Когда мама уезжала, мы оставались одни. Нина, старше меня на 9 лет, вела хозяйство, готовила еду, мы ее должны были слушаться, как будто это - мама. Лена была старше на 7 лет, она работала во дворе - воду носила, а бадейка-то полутораведерная. Лена же и дрова пилила да колола. Ну а меня, маленькую, жалели, я училась в школе. Сестры рано начали работать, не до учебы было, а я школу все-таки окончила. Училась отлично, мечтала о дальнейшей учебе, а мама посоветовала поступить в швейную мастерскую, швея, мол, всегда будет кусок хлеба иметь. Я понимала, что мама и впрямь нас тем подняла на ноги, что умела шить да вязать, потому спорить не стала и пошла работать. Мама наша умелая была, выполняла и женскую, и мужскую работу. Мы у нее многому научились. Смотрю на сегодняшнюю молодежь, и как она не похожа на нас! Мы были, как маленькие старушки, нам не надо было напоминать, что вот следует огород полить, надо забор починить. Мы это видели и делали все сами, потому что надеяться было не на кого.
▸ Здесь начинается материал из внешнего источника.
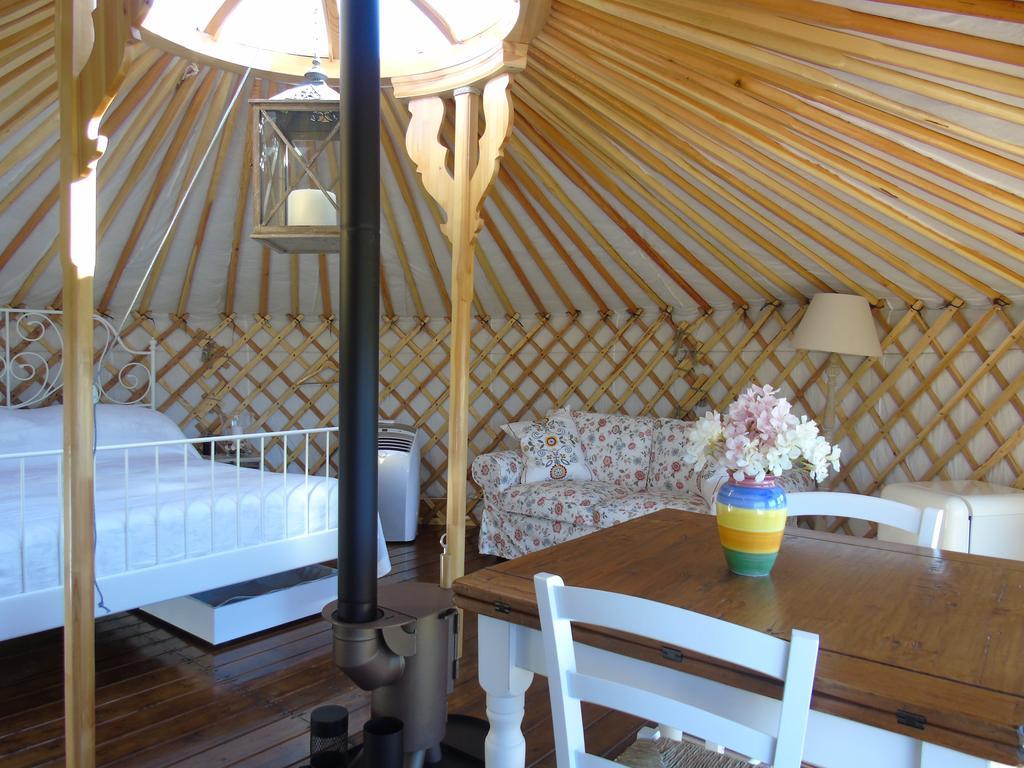 Hotel Glamping Abruzzo - The Yurt à Catignano Extérieur photo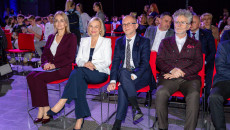 Marszałek Renata Janik, dyrektor Wojewódzkiego Urzędu Pracy Aleksandra Marcinkowska, zastępca Prezydenta Miasta Kielce Bartłomiej Zapała, senator Krzysztof Słoń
В 1959 году Надя вышла замуж и стала Анненковой. Через год родилась дочь, которую сначала хотели назвать Наташей, но муж вернулся из ЗАГСа после ее регистрации и сказал: «Ну какая она Наташа, если ты у меня - Надежда? Пусть будет Любовь». А когда у Любы родилась дочь, то сомнений не было в выборе ее имени - Вера. Вот и живут они с Любовью к друг другу, с Надеждой и Верой в будущее. И невидимый Ангел-хранитель, помогавший всю жизнь Пелагее Федоровне, распростер свои крылья и над ними.
Анненковы приехали в Волжский в 1963 году. Сняли на Рабочем квартиру - приспособленный под жилье подвал. Надежда работала в «Сталинградгидрострое» табельщицей, а Виктор - на шинном заводе. И вот ушли они однажды на работу, дочь все еще спала. Когда Люба проснулась, ее в комнату к себе взяла хозяйка - девочку оставляли на весь день с ней. А через полчаса грянула беда - прорвало очистные сооружения, которые находились за поселком, и вода хлынула в подвал Анненковых, затопила его до самого верха.
За лето подвал просушили, отремонтировали. Хозяин даже воду провел туда. И надо же такому случиться, что весной, в день рождения Любы - 28 марта, подвал опять затопило - на сей раз туда прорвалась вешняя вода. Остались почти в том, что на себе было. Пошли к директору шинного завода с просьбой оказать помощь, а тот сказал, что не имеет возможности помочь материально, тем более дать квартиру. Пошли в горисполком. Там не отказали и выписали… 150 рублей.
Квартиру Анненковы получили несколько лет спустя, когда Виктор Иосифович работал уже на заводе резиновых технических изделий - ушел с шинного от обиды, что не помогли, хотя на том заводе он проработал семь лет. Семья так намаялась по чужим углам, ведь их было уже четверо - родился сын Юра - что когда им предложили ордер на двухкомнатную квартиру, то не отказались. Виктор получил ордер, позвонил жене и сообщил об этом, и Надежда… заплакала навзрыд. От счастья, что сбылась мечта иметь собственное жилье, от ушедших в небытие невзгод.
Ангел- хранитель не оставил своей милостью и Юрия, который стал военным. Армия наша, как известно, всегда на острие всех негативных событий. Вот и лейтенант Юрий Анненков сначала был ликвидатором в Чернобыле. Не погиб, но здоровье в настоящее время желает быть лучшего.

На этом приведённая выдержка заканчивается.